## [REQUIRED WORK]
Each entry has to be given again in its exact wording, and no picture may appear in the result.
___ DATA FOR REVIEW
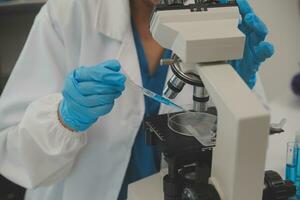 Health care researchers working in life science laboratory. Young female research scientist and senior male supervisor preparing and analyzing microscope slides in research lab. photo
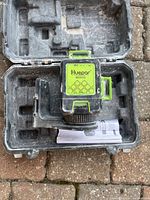 Huepar B03CG laser level inside carrying case showing front view with level vials and control knob.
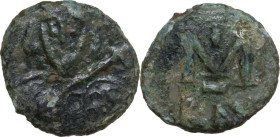 Tiberius III, Apsimar (698-705). AE Follis, Ravenna mint. Obv. Crowned facing half-length bust, holding spear and shield. Rev. Large M; cross above; i...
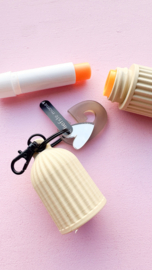 Lippenbalsemhouder met bedels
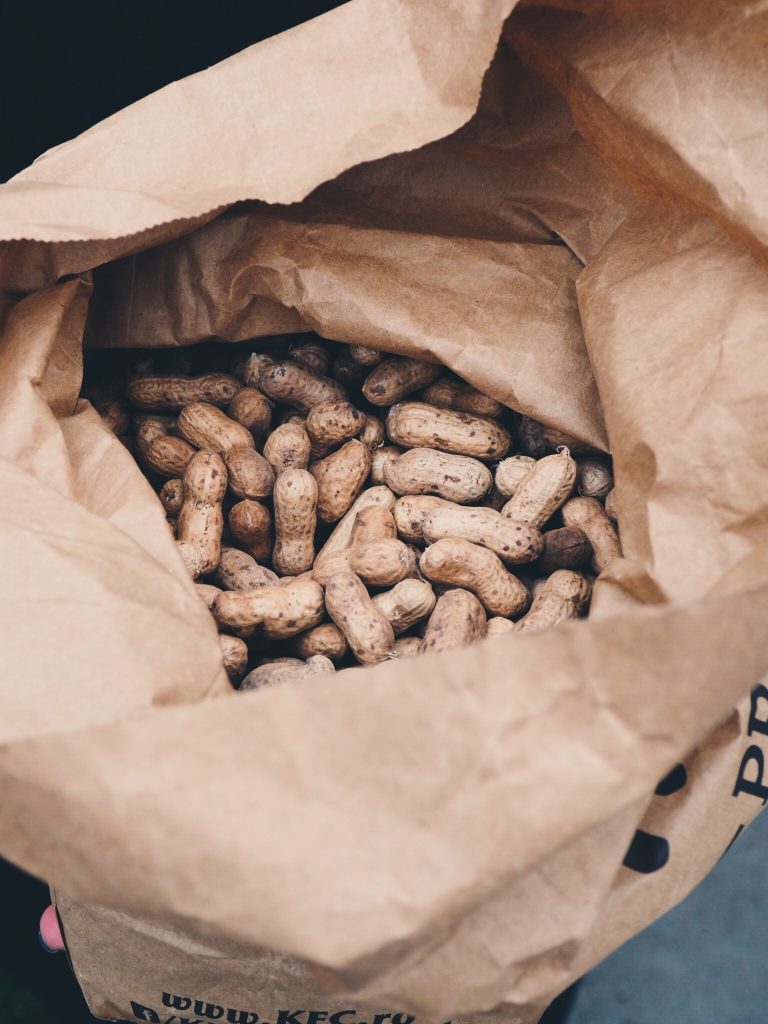 Large amount of peanuts in brown paper bag.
______
## [PROBLEM SOLUTION]
 Health care researchers working in life science laboratory. Young female research scientist and senior male supervisor preparing and analyzing microscope slides in research lab. photo
 Huepar B03CG laser level inside carrying case showing front view with level vials and control knob.
 Tiberius III, Apsimar (698-705). AE Follis, Ravenna mint. Obv. Crowned facing half-length bust, holding spear and shield. Rev. Large M; cross above; i...
 Lippenbalsemhouder met bedels
 Large amount of peanuts in brown paper bag.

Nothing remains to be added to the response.